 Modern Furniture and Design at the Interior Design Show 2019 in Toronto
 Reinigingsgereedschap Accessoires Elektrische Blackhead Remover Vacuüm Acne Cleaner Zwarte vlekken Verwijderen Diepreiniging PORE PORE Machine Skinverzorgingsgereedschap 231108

- - -

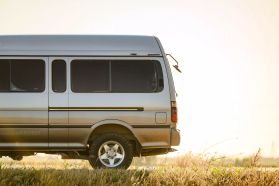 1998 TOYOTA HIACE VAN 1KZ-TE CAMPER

- - -

• Brief: In the listing above, find the line holding "Modern Furniture and" and the line holding "Reinigingsgereedschap Accessoires Elektrische", then output those two lines and every line between them exactly.

• Result for this task:
 Modern Furniture and Design at the Interior Design Show 2019 in Toronto
 Reinigingsgereedschap Accessoires Elektrische Blackhead Remover Vacuüm Acne Cleaner Zwarte vlekken Verwijderen Diepreiniging PORE PORE Machine Skinverzorgingsgereedschap 231108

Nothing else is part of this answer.